Promocja czy nabijanie w butelkę? Sprawdzamy gazetki z marketów
"Promocja", "okazja", "nowość" - to słowa klucze, które uruchamiają w ludzkim mózgu zakupowe potrzeby. Wiele takich "promocji" to nabijanie klientów w butelkę, bo rzekomo przecenione produkty wcześniej wystawiono za zawyżoną kwotę. - Wszyscy się na to nabierają - mówią eksperci.
05.11.2018 | aktual.: 06.11.2018 09:32
Gazetka promocyjna marketu Kaufland z 2 listopada. Oferta specjalna - elektronarzędzia w wyjątkowo korzystnych cenach. Wkrętarka - 29 proc. taniej. Szlifierka kątowa - 45 proc. taniej. Z podanymi cenami jest jednak coś nie tak.
Wkrętarka akumulatorowa znanej firmy. Według gazetki kosztowała prawie 480 złotych. W ramach "promocji" możemy ją kupić za 339 zł. Latarka gratis.
Identyczna wkrętarka (bez latarki gratis) w innych sklepach kosztuje ok. 380 - 350 złotych.
Podobnie jest w przypadku innych narzędzi. Młot udarowy, według materiałów promocyjnych sklepu, przeceniono z 499 na 349 złotych. Cena w innych sklepach - 340 - 380 złotych.
Mała elekryczna wkrętarka, przeceniona z 389 na 249 złotych kosztuje w innych sklepach ok. 270 zł.
- Takie fikcyjne "promocje", czyli zawyżanie cen towarów a następnie "obniżka" do ceny rynkowej, to zjawisko powszechne - mówi dr Monika Skorek z Katedry Marketingu Uniwersytetu Warszawskiego. - Nie jest to działanie nielegalne, ale z punktu widzenia etyki nie powinno się go stosować. Niestety, jest powszechne. Nie tylko w przypadku narzędzi, ale również produktów spożywczych czy suplementów diety. Apteki stosują takie "promocje" nagminnie.
Sprawdzamy zatem gazetkę sieci aptek Super-Pharm. Podwójne opakowanie proszku na regulację pracy jelit według materiałów reklamowych przeceniono z 69 na 49 złotych. W innych sklepach, takie samo opakowanie, tego samego produktu, dostaniemy za 37 złotych.

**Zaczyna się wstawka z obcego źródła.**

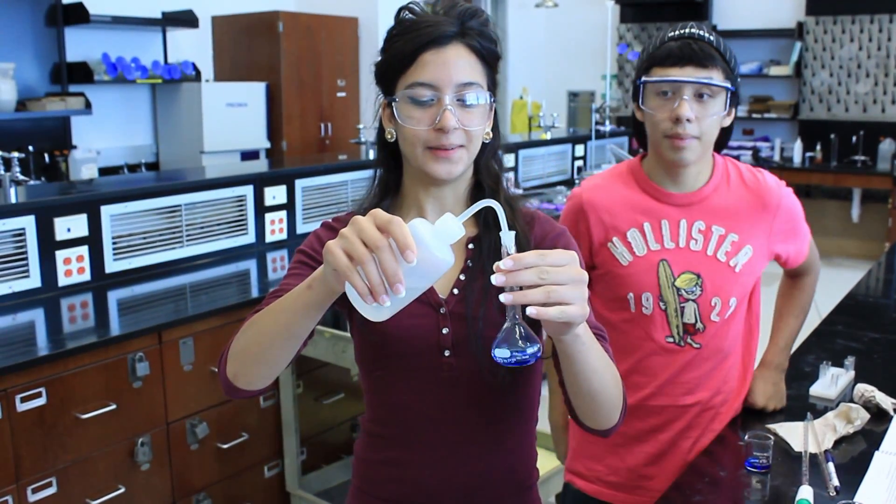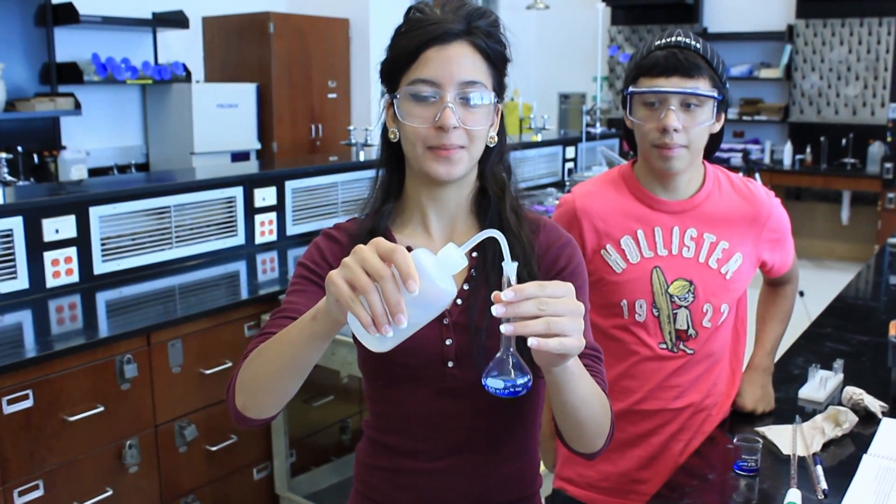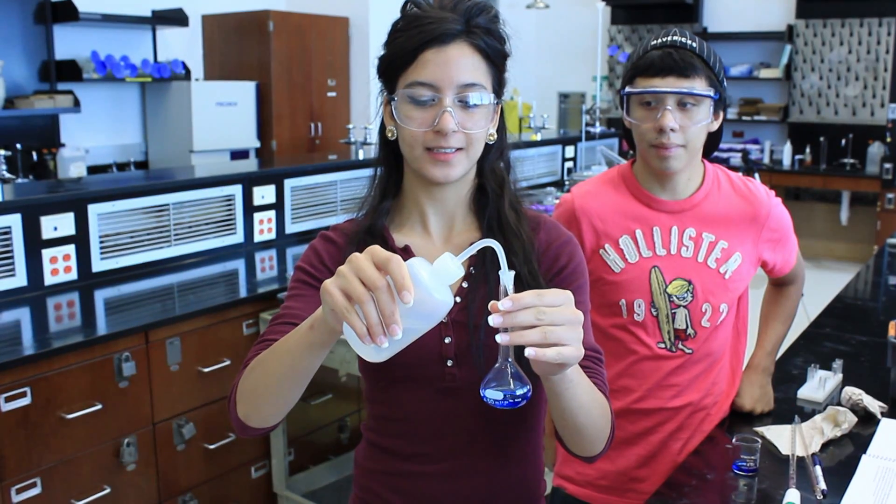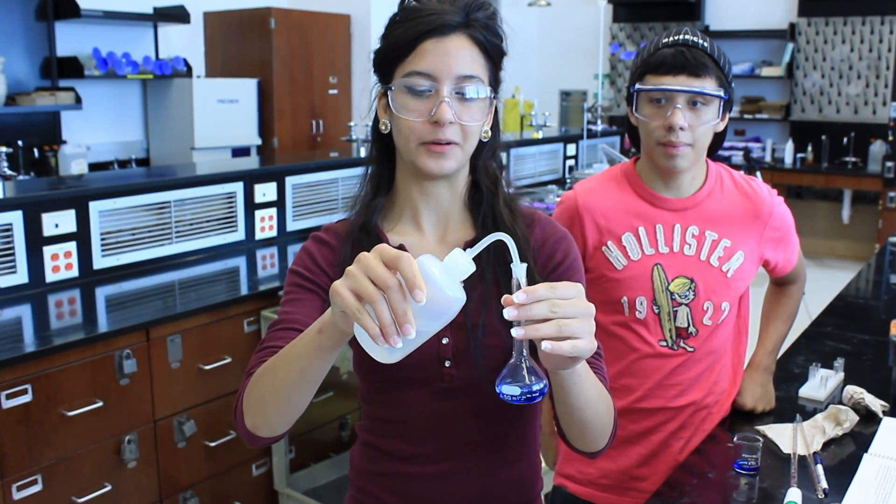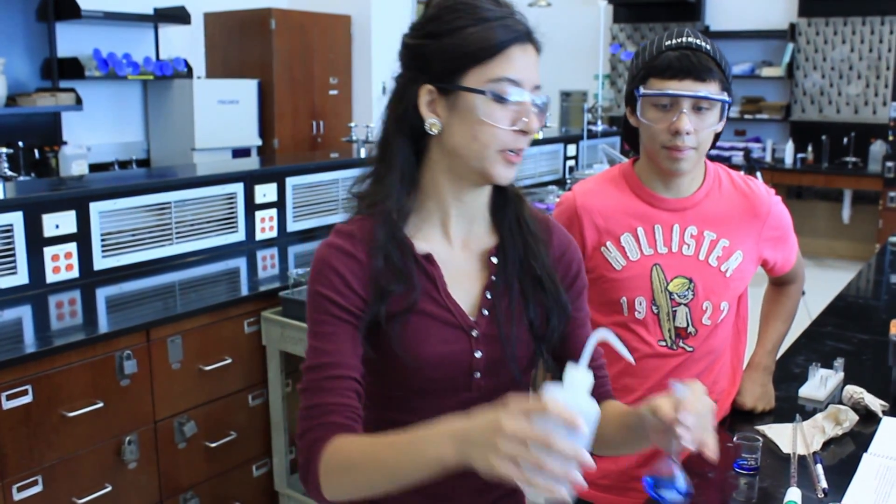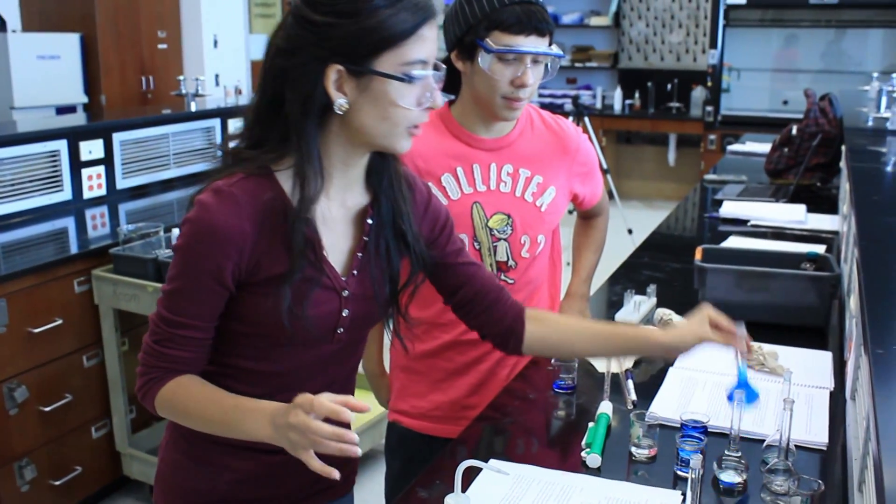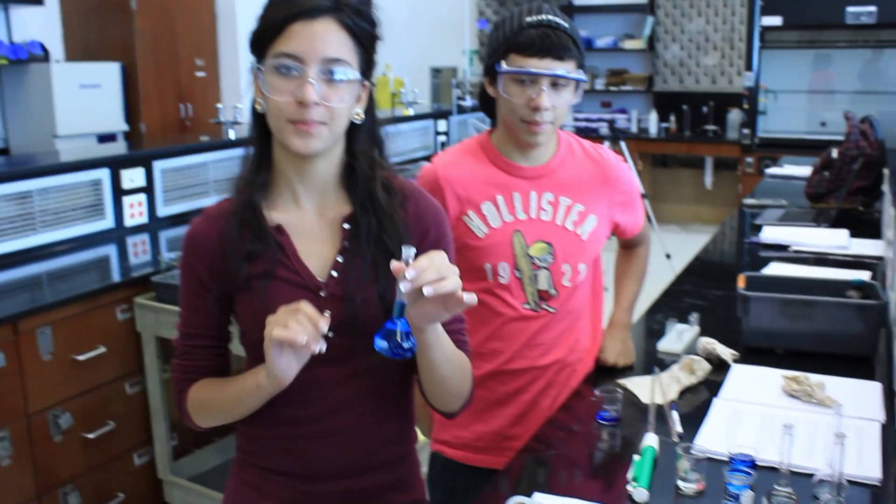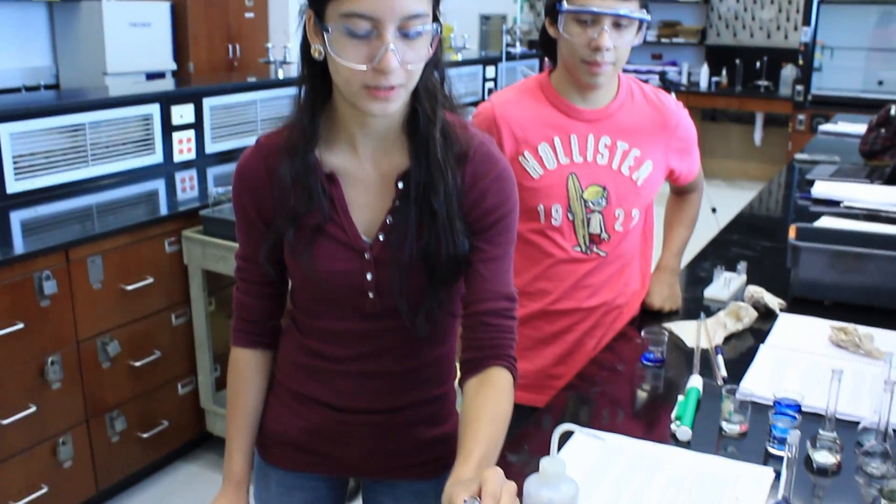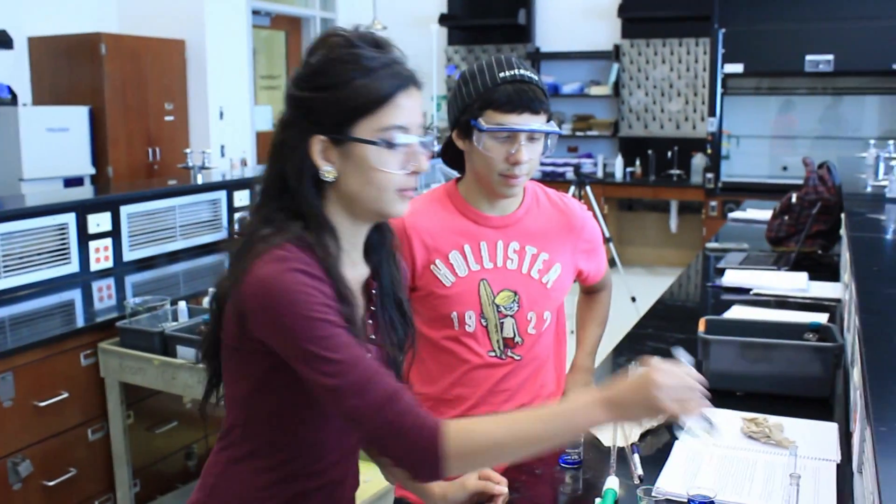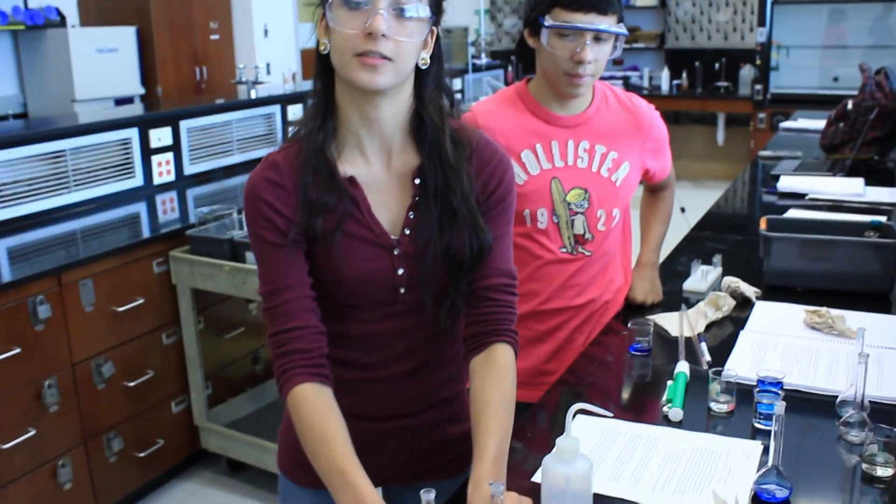Then you dilute this in your volumetric flask to the 50 milliliter mark. When you're finished it will look like this and you do the same thing we just did with 2 milliliters of your bleach solution and you'll end up with 2 working solutions.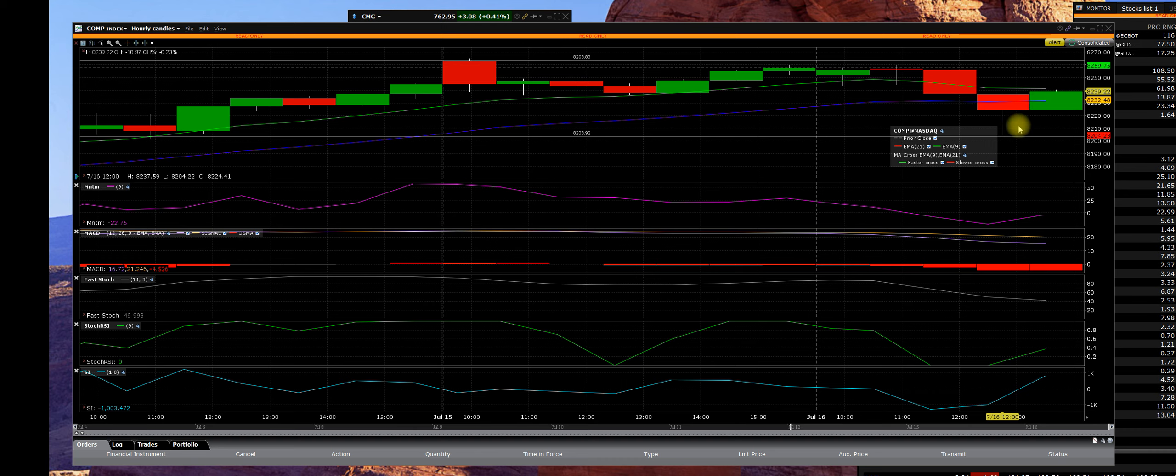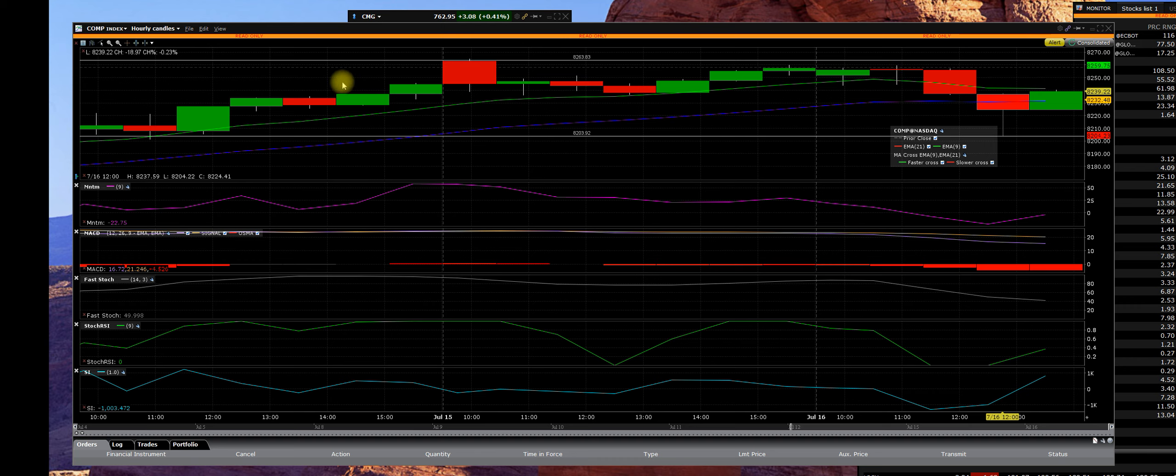Here is what you need to understand: earnings season started this morning with Wells Fargo, JP Morgan, Goldman Sachs, and a few more. Now this bull run has taken this to an overbought level.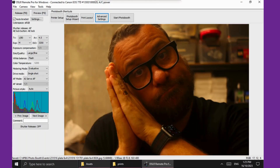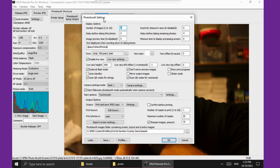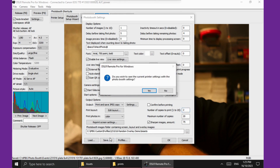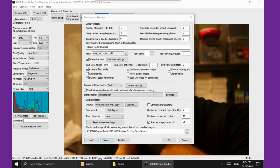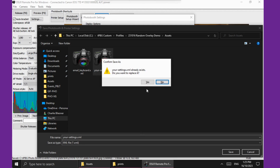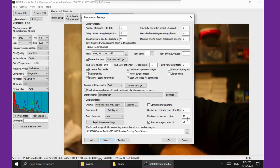If you have an event where you need duplicate prints for every single session, or even more than duplicates, you can easily do that. Jump into advanced settings and come down to the number of copies to print, and set that to two or any number that you need, up to 20. Save your settings, and then every time you run a session it'll print two copies, or three, or four, or 20 if you're that crazy.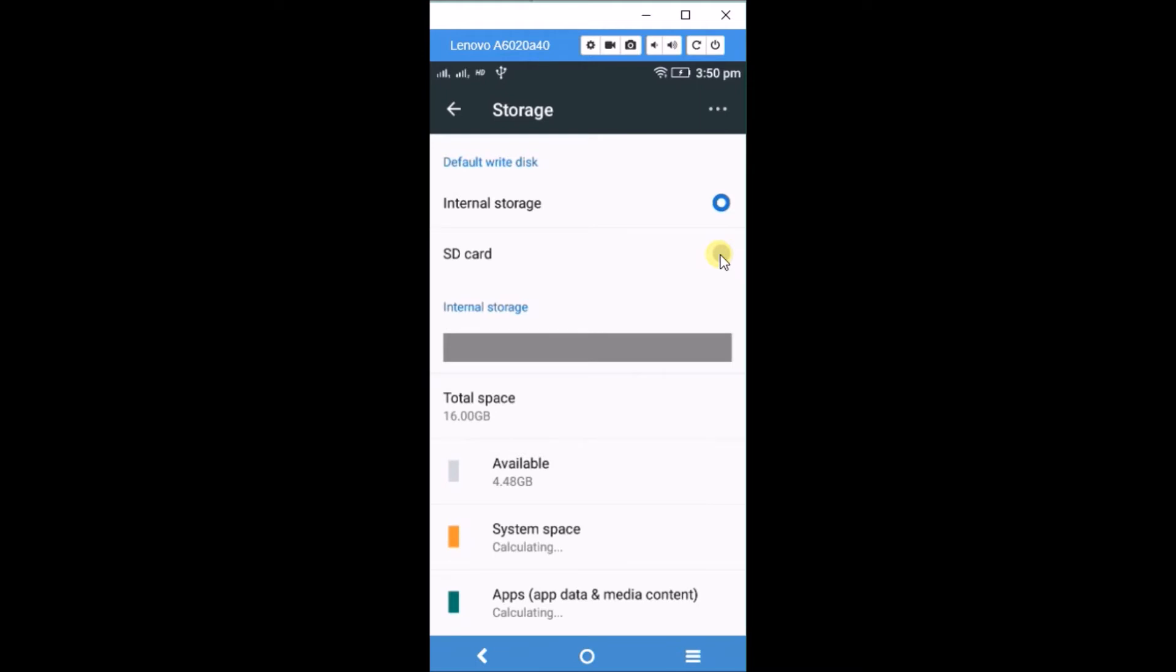Whenever I install a new application or game from the Play Store, it gets installed to internal storage, which is a big problem for me. I want to switch it to SD card. To do that...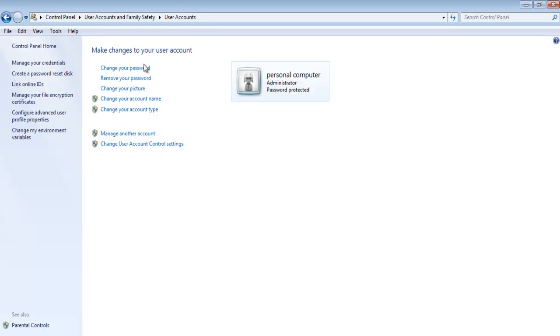For example, you can change or remove the password, change the picture, add and delete accounts, and so on. We will select the Manage another account option.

Bez żadnej "promocji".
Pudełko preparatu z magnezem, jak informuje apteka, przeceniono z 14,99 na 5,99 zł. W innych sklepach cena tego samego produktu to od 4 do 7 złotych.
Największym promocyjnym rekordzistą jest suplement diety na potencję. Jak informuje gazetka, cena bazowa 30 tabletek to 67,99 zł. Okazyjna, promocyjna cena to 41,99 zł. Inne apteki, taki sam preparat, w takim samym opakowaniu, oferują za 19.99 do maksymalnie 30 złotych.
- To jest działanie psychologiczne. Takie słowa jak "promocja" czy "okazja" działają na nas bardzo mocno - mówi dr Monika Skorek. - Firmy stosują takie praktyki, bo są skuteczne, nawet jeśli etycznie wątpliwe.
Jak to możliwe, że w dobie powszechnego dostepu do informacji i porównywarek cenowych nadal dajemy się nabrać na takie pułapki?
- Nie ma ludzi odpornych - mówi dr Monika Skorek. - Łapią się na to wszyscy, łącznie ze specjalistami od reklamy, którzy doskonale znają te mechanizmy. Nie ma takiej możliwości, żeby sprawdzać cenę każdego produktu. A jak robimy zakupy na szybko, potrzebujemy jakiegoś produktu, to chętniej sięgniemy na półkę z napisem "promocja" nawet się nad tym nie zastanawiając.
O komentarz w sprawie sztucznych promocji poprosiliśmy biuro prasowe sieci Kaufland i Super-Pharm. Na odpowiedź czekamy.